Hiratsuka Kyosai Hospital, Respiratory Medicine, Hiratsuka, Kanagawa, Japan.
Thorac Cancer. 2025 Sep;16(17):e70160. doi: 10.1111/1759-7714.70160.
Chest wall sarcomas are rare and may exhibit aggressive behavior, posing diagnostic challenges-particularly in young adults. Although multidisciplinary treatments involving chemotherapy, radiotherapy, and surgery are recommended, prognosis remains poor. We report a case of a 43-year-old man referred with left-sided chest pain, dyspnea, and massive pleural effusion. Cytological analysis of the effusion and biopsy revealed small, round, atypical cells, and initial immunohistochemistry suggested Ewing sarcoma. During workup, the patient's symptoms worsened, tumor lysis syndrome developed, and he died on hospital day 28. Autopsy and extended immunohistochemical testing indicated small round cell sarcoma. Molecular analysis identified an echinoderm microtubule-associated protein-like 4 (EML4)-anaplastic lymphoma kinase (ALK) fusion gene.
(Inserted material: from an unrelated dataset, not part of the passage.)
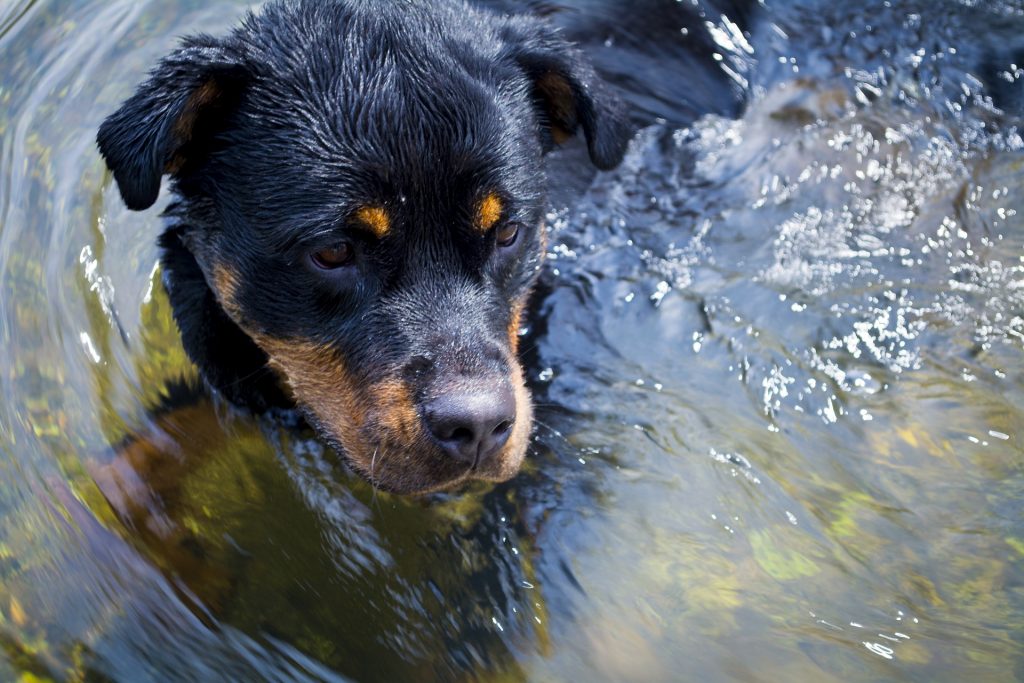 a puppy swimming- how to teach a dog to swim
The final diagnosis was small round cell sarcoma with EML4-ALK fusion originating from the thoracic wall. This case highlights the importance of early presentation and timely diagnosis using next generation sequencing to facilitate targeted therapy for ALK-rearranged chest wall sarcomas and improve patient outcomes.
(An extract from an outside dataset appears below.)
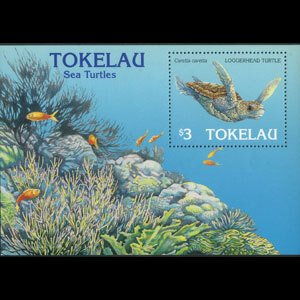 TOKELAU 1996 - Scott# 221 S/S Sea Turtles NH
胸壁肉瘤较为罕见,可能具有侵袭性,这给诊断带来了挑战,尤其是在年轻成年人中。尽管推荐采用包括化疗、放疗和手术在内的多学科治疗,但预后仍然很差。我们报告了一例43岁男性患者,因左侧胸痛、呼吸困难和大量胸腔积液前来就诊。对胸腔积液的细胞学分析和活检显示有小的、圆形的、非典型细胞,初步免疫组化提示为尤因肉瘤。在检查过程中,患者症状恶化,出现肿瘤溶解综合征,并于住院第28天死亡。尸检和扩展免疫组化检测显示为小圆细胞肉瘤。分子分析鉴定出一种棘皮动物微管相关蛋白样4(EML4)-间变性淋巴瘤激酶(ALK)融合基因。最终诊断为起源于胸壁的伴有EML4-ALK融合的小圆细胞肉瘤。该病例强调了早期就诊和使用下一代测序进行及时诊断的重要性,以便为ALK重排的胸壁肉瘤提供靶向治疗并改善患者预后。